REQUIRED ACTION:
The answer should hold only the lines from the one containing "lauge-hansen_supination-adduktion" through the one containing "Spotlight On Liver" in the entries below, copied exactly, without pictures.

INPUT DATA:
%%

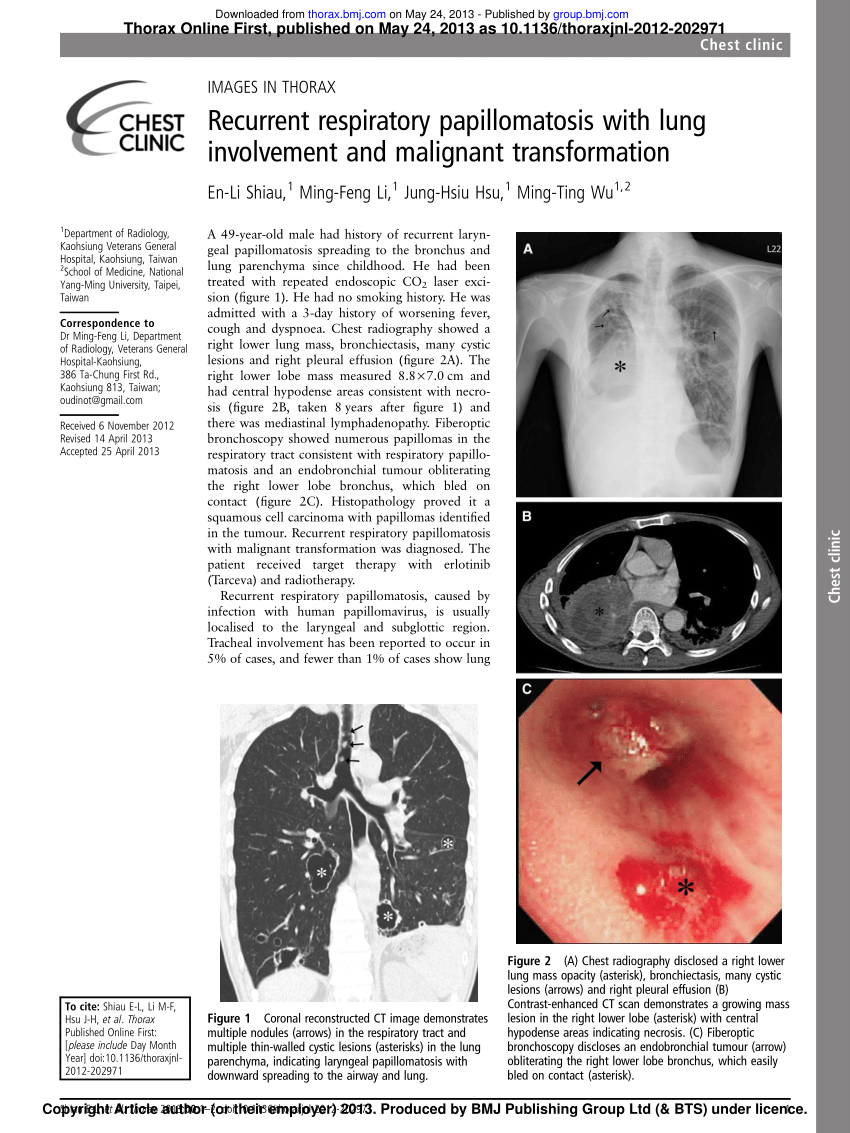 laryngeal papillomatosis in lungs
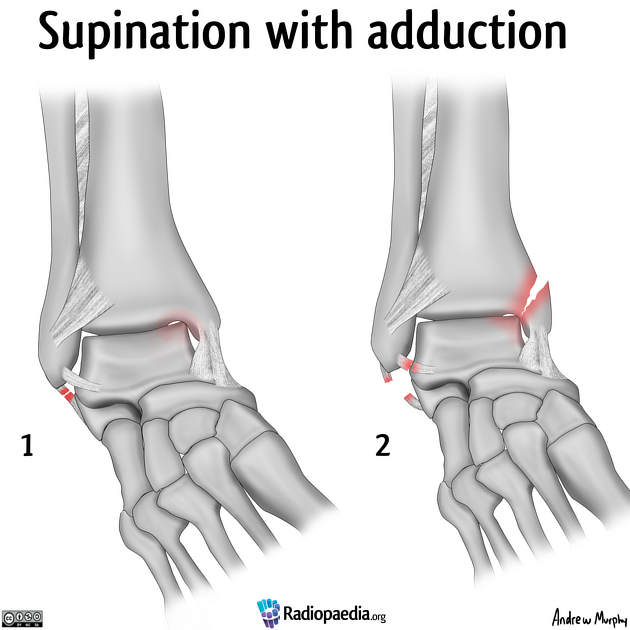 lauge-hansen_supination-adduktion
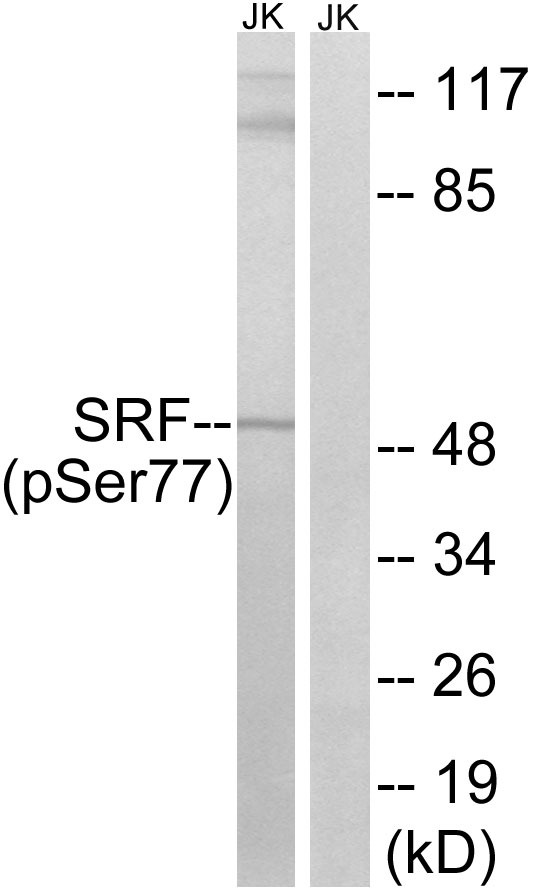 Anti-Phospho-SRF (Ser77) Polyclonal Antibody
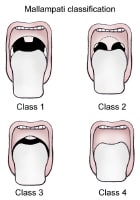 Pediatric Sedation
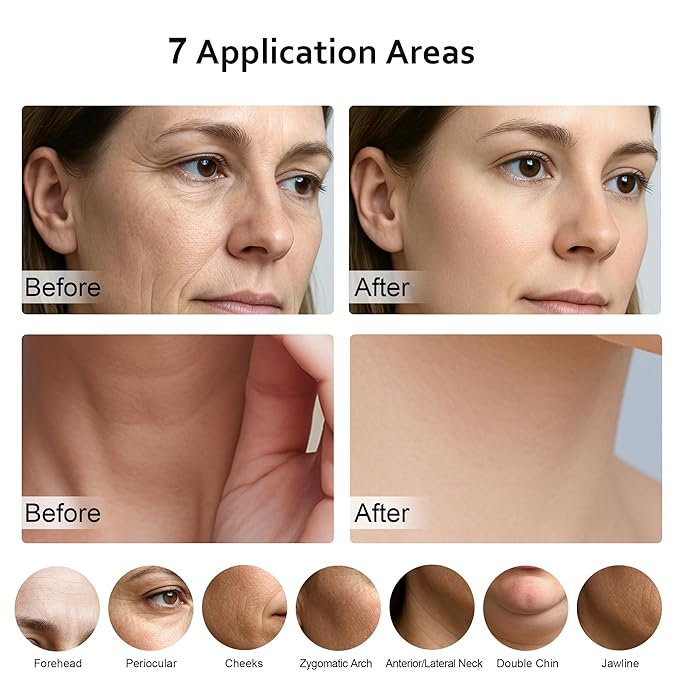 7 in 1 Multifunctional Facial Massager, Red Light Therapy for Face, Beauty Skin Care Tool for Face and Neck, Portable Facial Massager for Wrinkles and Skin Care-White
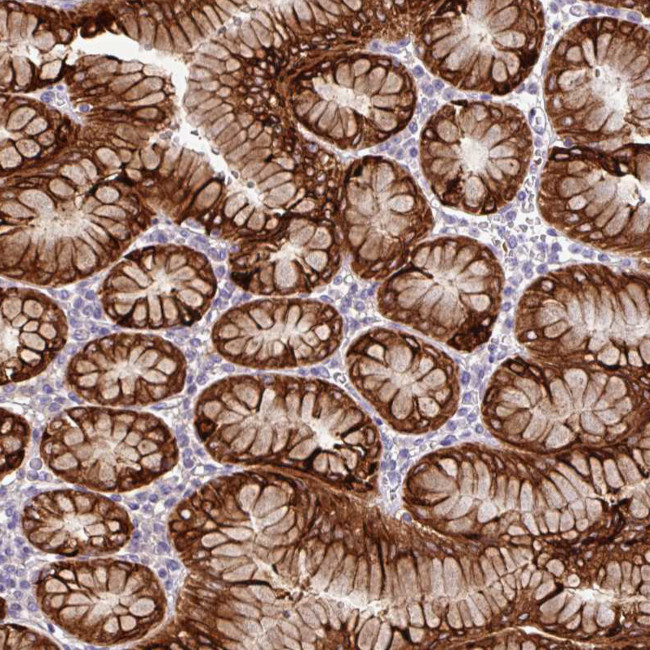 Cathepsin E Antibody in Immunohistochemistry (Paraffin) (IHC (P))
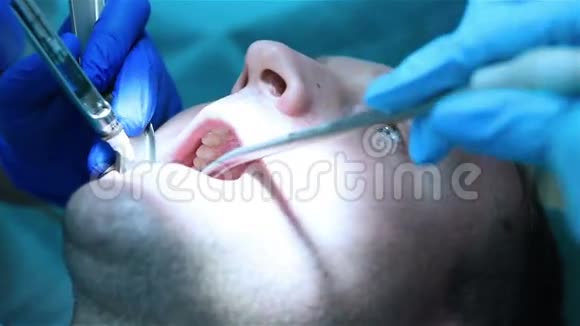 牙科麻醉注射视频的预览图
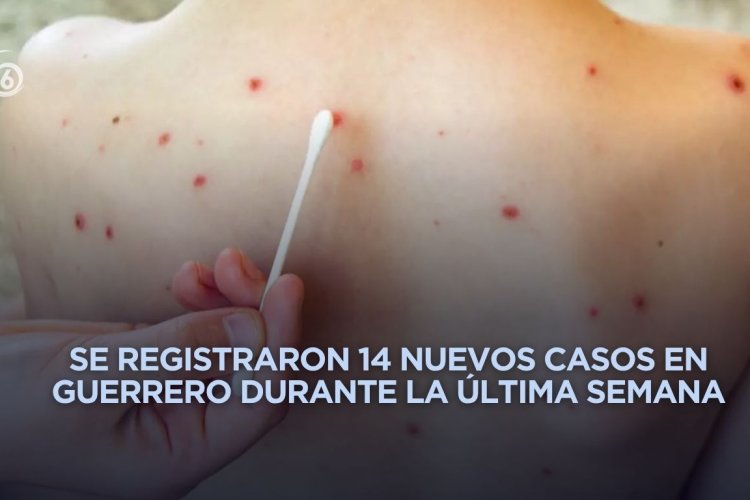 Guerrero se coloca en cuarto lugar nacional con más contagios de sarampión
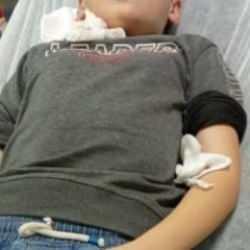 Akhisar'da başıboş köpek dehşeti: 10 yaşındaki çocuk yaralandı1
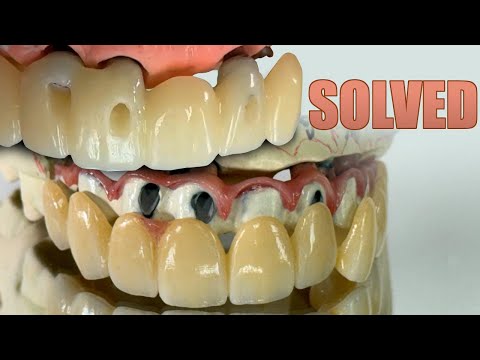 Making a SYTON 7-Star Restoration to Resolve a Difficult Case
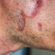 investigative treatment for cutaneous lupus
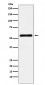 Anti-CBX2 Rabbit Monoclonal Antibody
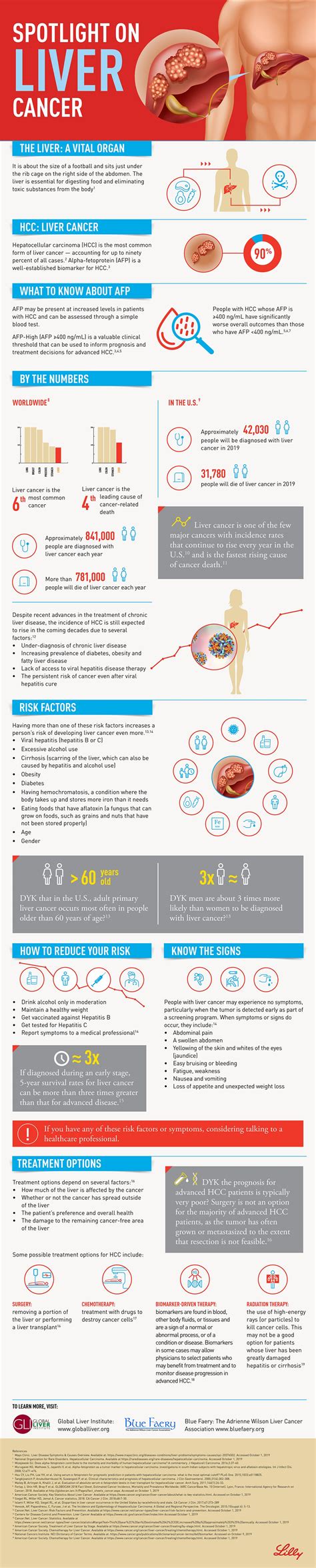 Spotlight On Liver Cancer Infographic The Business Press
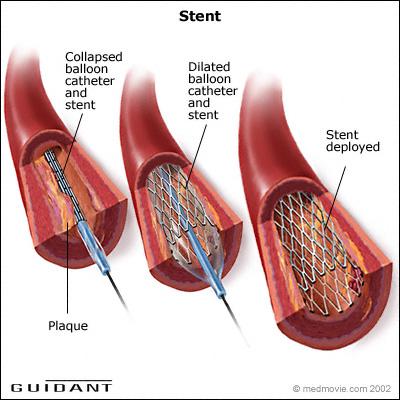 Use stent to improve restenosis Picture taken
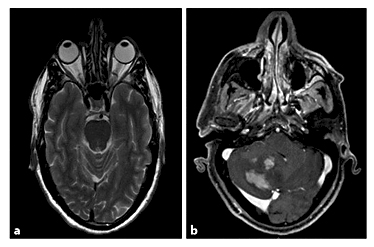 Fig. 3. MRI. a T2 axial cross-section was normal. b T2 axial cross-section showing several new space-occupying lesions in the right cerebellum.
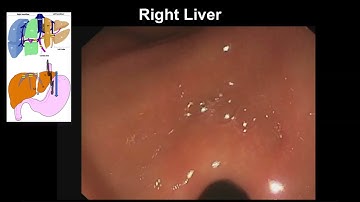 A station-wise approach to liver anatomy for linear EUS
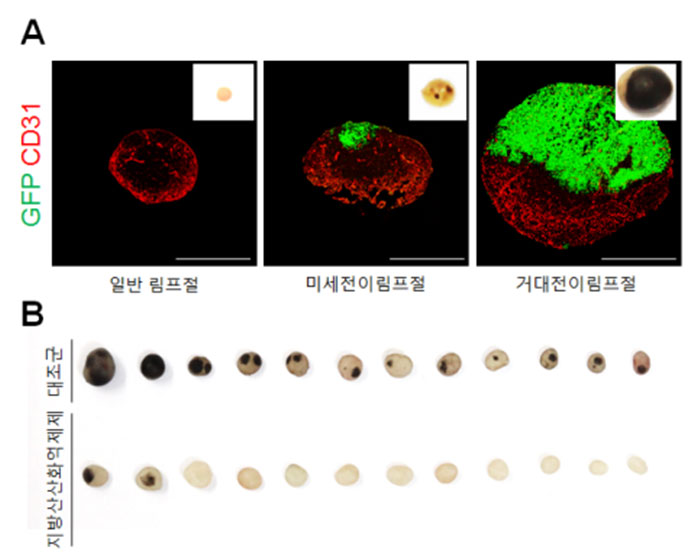 연구진은 일반 림프절에서 흑색종 암세포가 전이되는 단계별 과정(그림A)을 살펴본 결과, 와 같이 지방산 대사 관련 유전자가 전이된 림프절에서 더욱 활성화되어 있음을 확인했다. 연구진은 지방산 산화 억제제(Etomoxir)를 실험군에 투여하자 대조군에 비해 암세포의 림프절 전이(이미지 속 검은 부분인 흑색종)가 획기적으로 감소함을 확인했다(그림B).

%%

REPLY:
 lauge-hansen_supination-adduktion
 Anti-Phospho-SRF (Ser77) Polyclonal Antibody
 Pediatric Sedation
 7 in 1 Multifunctional Facial Massager, Red Light Therapy for Face, Beauty Skin Care Tool for Face and Neck, Portable Facial Massager for Wrinkles and Skin Care-White
 Cathepsin E Antibody in Immunohistochemistry (Paraffin) (IHC (P))
 牙科麻醉注射视频的预览图
 Guerrero se coloca en cuarto lugar nacional con más contagios de sarampión
 Akhisar'da başıboş köpek dehşeti: 10 yaşındaki çocuk yaralandı1
 Making a SYTON 7-Star Restoration to Resolve a Difficult Case
 investigative treatment for cutaneous lupus
 Anti-CBX2 Rabbit Monoclonal Antibody
 Spotlight On Liver Cancer Infographic The Business Press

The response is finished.